Ransomware 2026: Cybercriminals Deploy Post-Quantum Encryption, EDR Killers, and Data-Only Extortion Tactics Worldwide

“In 2026, ransomware operators increasingly prioritize neutralizing endpoint defenses before executing their payloads. Tools commonly referred to as “EDR killers” have become a standard component of attack playbooks.”

Ransomware has matured from noisy disruption to a methodical, multi‑stage intrusion model where defense neutralization is a discrete, repeatable phase. Attackers now routinely attempt to terminate security processes and disable monitoring agents by abusing trusted system components such as signed drivers, a technique commonly described as Bring Your Own Vulnerable Driver (BYOVD). This approach lets adversaries blend malicious actions into legitimate system activity while progressively degrading telemetry and visibility, forcing defenders to assume that endpoint controls may be actively targeted rather than merely passive. The operational implication is clear: detection must be complemented by resilience and integrity checks that do not rely solely on the very agents attackers seek to disable.

Top ransomware groups in 2025

Post‑Quantum Cryptography in Ransomware

A notable technical escalation is the adoption of post‑quantum key encapsulation mechanisms within ransomware families. Advanced groups have begun integrating ML‑KEM frameworks such as Kyber1024 to protect symmetric keys used for file encryption, effectively raising the cryptographic bar to a Level 5 security posture comparable to AES‑256. Within these architectures, Kyber1024 is used to generate and securely exchange shared secrets that are resistant to both classical and quantum cryptanalysis, complicating any future decryption attempts by victims or incident responders. The practical consequence is that traditional post‑incident recovery strategies that rely on weaknesses in legacy key management will become less viable, and organizations must plan for cryptographic agility and key escrow strategies in their incident playbooks.

The Rise of Encryptionless Extortion

As ransom payment rates declined to roughly 28% in 2025, attackers adapted by shifting toward encryptionless extortion—exfiltrating sensitive data and threatening public disclosure rather than encrypting systems. By omitting the encryption step, adversaries reduce operational complexity and detection windows while maximizing leverage through regulatory exposure and reputational harm. This trend transforms ransomware from a business continuity problem into a data protection and compliance crisis: immutable backups mitigate encryption risk but do nothing to prevent data leakage, fines, or brand damage. Defenders must therefore expand controls to include robust data loss prevention, continuous exfiltration detection, and legal‑ready breach response workflows.

Industrialized Initial Access and Access‑as‑a‑Service

The ecosystem has commoditized initial access via Initial Access Brokers (IABs) selling RDP, VPN, and RDWeb footholds. This access‑as‑a‑service model lowers the technical barrier for affiliates and increases attack volume, with compromised credentials harvested by infostealers and phishing fueling the market. The defensive focus must shift from perimeter hardening alone to continuous authentication, credential monitoring, and rapid detection of anomalous lateral movement using behavioral baselines and segmentation.

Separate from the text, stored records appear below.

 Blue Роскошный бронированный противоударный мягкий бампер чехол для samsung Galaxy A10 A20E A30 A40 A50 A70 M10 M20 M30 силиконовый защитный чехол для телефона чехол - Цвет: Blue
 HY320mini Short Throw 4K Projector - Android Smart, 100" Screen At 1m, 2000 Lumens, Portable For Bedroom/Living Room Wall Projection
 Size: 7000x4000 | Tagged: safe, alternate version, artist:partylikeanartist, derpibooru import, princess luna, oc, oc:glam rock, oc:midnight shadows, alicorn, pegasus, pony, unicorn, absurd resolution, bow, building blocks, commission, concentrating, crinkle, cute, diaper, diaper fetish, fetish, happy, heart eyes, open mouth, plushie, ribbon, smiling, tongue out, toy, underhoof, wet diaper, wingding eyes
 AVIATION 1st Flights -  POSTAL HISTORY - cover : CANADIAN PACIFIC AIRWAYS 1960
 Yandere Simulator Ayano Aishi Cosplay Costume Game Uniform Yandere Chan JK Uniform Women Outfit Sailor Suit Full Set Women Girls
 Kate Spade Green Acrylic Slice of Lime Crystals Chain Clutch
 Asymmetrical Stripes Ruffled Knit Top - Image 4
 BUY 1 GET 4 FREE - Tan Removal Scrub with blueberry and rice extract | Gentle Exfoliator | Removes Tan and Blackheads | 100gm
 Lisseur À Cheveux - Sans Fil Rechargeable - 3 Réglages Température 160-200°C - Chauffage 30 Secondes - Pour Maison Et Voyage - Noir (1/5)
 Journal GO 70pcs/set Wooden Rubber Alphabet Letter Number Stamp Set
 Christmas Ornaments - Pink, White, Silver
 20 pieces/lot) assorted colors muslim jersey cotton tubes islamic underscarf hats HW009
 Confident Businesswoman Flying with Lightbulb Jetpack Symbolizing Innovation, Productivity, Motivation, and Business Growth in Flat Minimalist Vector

Dark Web Dynamics and Law Enforcement Impact

Compromised datasets, access credentials, and even ransomware binaries are traded on Telegram channels and underground forums, while law enforcement takedowns of major platforms create temporary disruption but not long‑term elimination. Seizures of forums and data leak sites complicate coordination for threat actors but historically lead to migration and fragmentation rather than eradication. This dynamic underscores the need for defenders to monitor underground markets and integrate threat intelligence into detection and response pipelines.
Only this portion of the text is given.